第3話 記録なき者たち
――この世界には、“観測されていない”時空が存在する。
そこでは、記録も法則も曖昧になり、言葉は意味を失い、光は闇に呑まれてゆく。
そして人々は、それをただ“異変”と呼ぶ。
今日もまた、ひとつの都市で、その歪みが口を開いた。
天文都市セレノス――時空観測網第7層に属する中規模の定点都市。
市民たちは穏やかに暮らしていた。

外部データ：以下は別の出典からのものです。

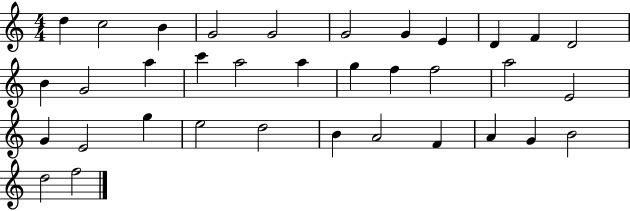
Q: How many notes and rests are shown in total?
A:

表向きは。
だが、一般人の誰もが気づかぬうちに、都市の境界は軋みをあげていた。
時間の流れが微かにズレる。
何気ない通勤途中で、ふと見かけた時計が、誰の腕時計とも違う時間を指している。
そんな“ささいな違和感”が、ここ数日、少しずつ都市を蝕んでいた。
けれど――誰もそれを“異常”だとは思わなかった。
「そういうこともあるよな」「たまたまだろ」「眠気のせいかな」
市民たちは、目の前の現実を都合よく解釈していた。
なぜなら、それがこの都市の“観測されている現実”だったから。
観測されていない事象は、都市の記録に残らない。
記録に残らなければ、それは存在しないのと同じ。
だから、市民たちは笑顔で日常を続ける。
彼らにとって、崩れた時間や空間の歪みは、ただの「気のせい」にすぎなかった。
だが、その裏で“何か”が静かに膨れあがっていた。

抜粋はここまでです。